• _Data shown_
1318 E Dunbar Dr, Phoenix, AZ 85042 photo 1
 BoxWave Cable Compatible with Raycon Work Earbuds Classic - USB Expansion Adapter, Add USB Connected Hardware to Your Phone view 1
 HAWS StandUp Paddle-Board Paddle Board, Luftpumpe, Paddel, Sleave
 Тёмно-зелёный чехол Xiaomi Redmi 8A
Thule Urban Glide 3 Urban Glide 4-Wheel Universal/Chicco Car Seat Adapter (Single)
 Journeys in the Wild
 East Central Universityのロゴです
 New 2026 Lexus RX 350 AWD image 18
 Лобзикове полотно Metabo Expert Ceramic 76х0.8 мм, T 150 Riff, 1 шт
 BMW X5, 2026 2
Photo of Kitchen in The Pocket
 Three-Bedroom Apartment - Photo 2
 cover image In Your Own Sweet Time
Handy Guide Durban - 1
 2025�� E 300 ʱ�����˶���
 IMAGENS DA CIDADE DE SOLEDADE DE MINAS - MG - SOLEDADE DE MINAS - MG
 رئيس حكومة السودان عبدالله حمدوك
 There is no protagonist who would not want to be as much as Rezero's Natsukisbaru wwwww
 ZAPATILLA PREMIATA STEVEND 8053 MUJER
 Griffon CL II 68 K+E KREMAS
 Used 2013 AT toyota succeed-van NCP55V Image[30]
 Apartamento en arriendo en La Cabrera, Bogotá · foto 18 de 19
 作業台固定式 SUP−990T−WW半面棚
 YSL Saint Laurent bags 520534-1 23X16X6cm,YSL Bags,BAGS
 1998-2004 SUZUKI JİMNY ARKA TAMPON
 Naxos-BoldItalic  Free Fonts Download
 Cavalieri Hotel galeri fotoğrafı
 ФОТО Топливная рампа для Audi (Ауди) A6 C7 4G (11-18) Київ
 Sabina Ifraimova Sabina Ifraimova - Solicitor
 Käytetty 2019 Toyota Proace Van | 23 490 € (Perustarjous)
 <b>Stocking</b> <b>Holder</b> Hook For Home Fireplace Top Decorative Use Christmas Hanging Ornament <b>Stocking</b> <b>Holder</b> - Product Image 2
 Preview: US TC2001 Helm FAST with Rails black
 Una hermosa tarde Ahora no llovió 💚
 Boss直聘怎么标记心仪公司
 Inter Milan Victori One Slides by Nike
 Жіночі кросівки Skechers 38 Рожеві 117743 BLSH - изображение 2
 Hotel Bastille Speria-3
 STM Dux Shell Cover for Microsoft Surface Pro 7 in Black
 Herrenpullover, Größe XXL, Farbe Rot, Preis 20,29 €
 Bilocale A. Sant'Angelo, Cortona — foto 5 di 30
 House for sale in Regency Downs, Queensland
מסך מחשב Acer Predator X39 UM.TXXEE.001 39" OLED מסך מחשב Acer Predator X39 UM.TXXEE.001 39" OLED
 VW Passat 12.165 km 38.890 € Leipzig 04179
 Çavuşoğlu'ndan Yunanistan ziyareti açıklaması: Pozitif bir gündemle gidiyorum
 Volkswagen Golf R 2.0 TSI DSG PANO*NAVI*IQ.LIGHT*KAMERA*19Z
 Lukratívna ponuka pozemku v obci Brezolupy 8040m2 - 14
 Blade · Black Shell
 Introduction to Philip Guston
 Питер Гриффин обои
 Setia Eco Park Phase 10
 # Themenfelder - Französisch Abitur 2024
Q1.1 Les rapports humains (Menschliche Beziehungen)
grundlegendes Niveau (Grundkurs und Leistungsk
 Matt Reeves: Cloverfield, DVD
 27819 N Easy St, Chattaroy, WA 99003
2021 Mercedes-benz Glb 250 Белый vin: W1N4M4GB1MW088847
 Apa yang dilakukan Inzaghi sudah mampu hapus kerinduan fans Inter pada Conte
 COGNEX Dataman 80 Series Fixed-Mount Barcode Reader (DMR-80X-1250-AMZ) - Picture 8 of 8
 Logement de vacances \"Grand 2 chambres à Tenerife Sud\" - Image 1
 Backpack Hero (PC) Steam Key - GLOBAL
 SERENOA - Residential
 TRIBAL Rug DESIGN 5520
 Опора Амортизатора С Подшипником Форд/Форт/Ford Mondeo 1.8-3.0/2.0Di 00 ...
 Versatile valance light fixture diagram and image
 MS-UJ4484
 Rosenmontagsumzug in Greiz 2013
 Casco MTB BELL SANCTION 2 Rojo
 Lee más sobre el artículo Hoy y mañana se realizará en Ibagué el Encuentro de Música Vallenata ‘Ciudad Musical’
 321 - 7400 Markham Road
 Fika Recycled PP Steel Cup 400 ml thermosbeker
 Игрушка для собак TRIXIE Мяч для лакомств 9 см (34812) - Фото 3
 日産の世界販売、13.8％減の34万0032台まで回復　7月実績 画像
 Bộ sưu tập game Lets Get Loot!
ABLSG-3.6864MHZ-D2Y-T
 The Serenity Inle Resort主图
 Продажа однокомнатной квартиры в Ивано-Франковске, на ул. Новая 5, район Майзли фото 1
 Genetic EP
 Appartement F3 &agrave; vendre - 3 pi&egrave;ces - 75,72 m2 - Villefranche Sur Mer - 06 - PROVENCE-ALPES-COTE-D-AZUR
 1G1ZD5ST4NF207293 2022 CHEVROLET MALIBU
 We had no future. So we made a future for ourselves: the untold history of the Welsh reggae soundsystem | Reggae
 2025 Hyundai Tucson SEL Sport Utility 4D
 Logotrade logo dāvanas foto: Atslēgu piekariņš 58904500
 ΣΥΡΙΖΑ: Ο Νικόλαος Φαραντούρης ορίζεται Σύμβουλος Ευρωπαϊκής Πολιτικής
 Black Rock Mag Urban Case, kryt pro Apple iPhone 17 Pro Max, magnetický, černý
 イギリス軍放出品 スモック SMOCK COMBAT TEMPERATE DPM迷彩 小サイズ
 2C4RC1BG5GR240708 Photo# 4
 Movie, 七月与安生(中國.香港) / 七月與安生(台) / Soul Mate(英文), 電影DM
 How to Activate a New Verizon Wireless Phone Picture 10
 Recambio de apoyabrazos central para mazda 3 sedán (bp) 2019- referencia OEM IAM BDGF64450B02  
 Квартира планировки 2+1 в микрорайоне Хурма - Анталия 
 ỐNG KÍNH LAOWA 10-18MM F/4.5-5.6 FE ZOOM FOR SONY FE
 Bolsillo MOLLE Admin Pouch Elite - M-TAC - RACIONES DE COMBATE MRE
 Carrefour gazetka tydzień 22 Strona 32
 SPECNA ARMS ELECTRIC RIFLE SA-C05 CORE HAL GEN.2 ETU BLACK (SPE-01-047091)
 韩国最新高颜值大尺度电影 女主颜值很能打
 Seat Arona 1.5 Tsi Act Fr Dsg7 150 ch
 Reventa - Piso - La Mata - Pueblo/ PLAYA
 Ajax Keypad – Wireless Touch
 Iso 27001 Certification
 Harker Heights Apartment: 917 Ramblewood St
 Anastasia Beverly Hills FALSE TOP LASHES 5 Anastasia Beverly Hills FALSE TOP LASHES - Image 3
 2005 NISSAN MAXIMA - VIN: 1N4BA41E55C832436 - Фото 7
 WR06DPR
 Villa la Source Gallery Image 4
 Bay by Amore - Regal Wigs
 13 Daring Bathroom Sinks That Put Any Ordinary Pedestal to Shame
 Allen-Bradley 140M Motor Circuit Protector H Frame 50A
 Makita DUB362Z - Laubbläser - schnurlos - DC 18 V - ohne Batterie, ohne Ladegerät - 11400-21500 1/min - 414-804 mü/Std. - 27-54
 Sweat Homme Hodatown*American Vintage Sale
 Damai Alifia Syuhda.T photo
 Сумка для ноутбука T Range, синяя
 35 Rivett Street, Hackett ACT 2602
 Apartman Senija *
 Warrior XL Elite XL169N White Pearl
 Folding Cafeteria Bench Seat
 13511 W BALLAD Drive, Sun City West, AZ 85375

• _Task_
State the number of lines in the preceding entries that include the word "Picture". Provide nothing else.

• _Your solution_
2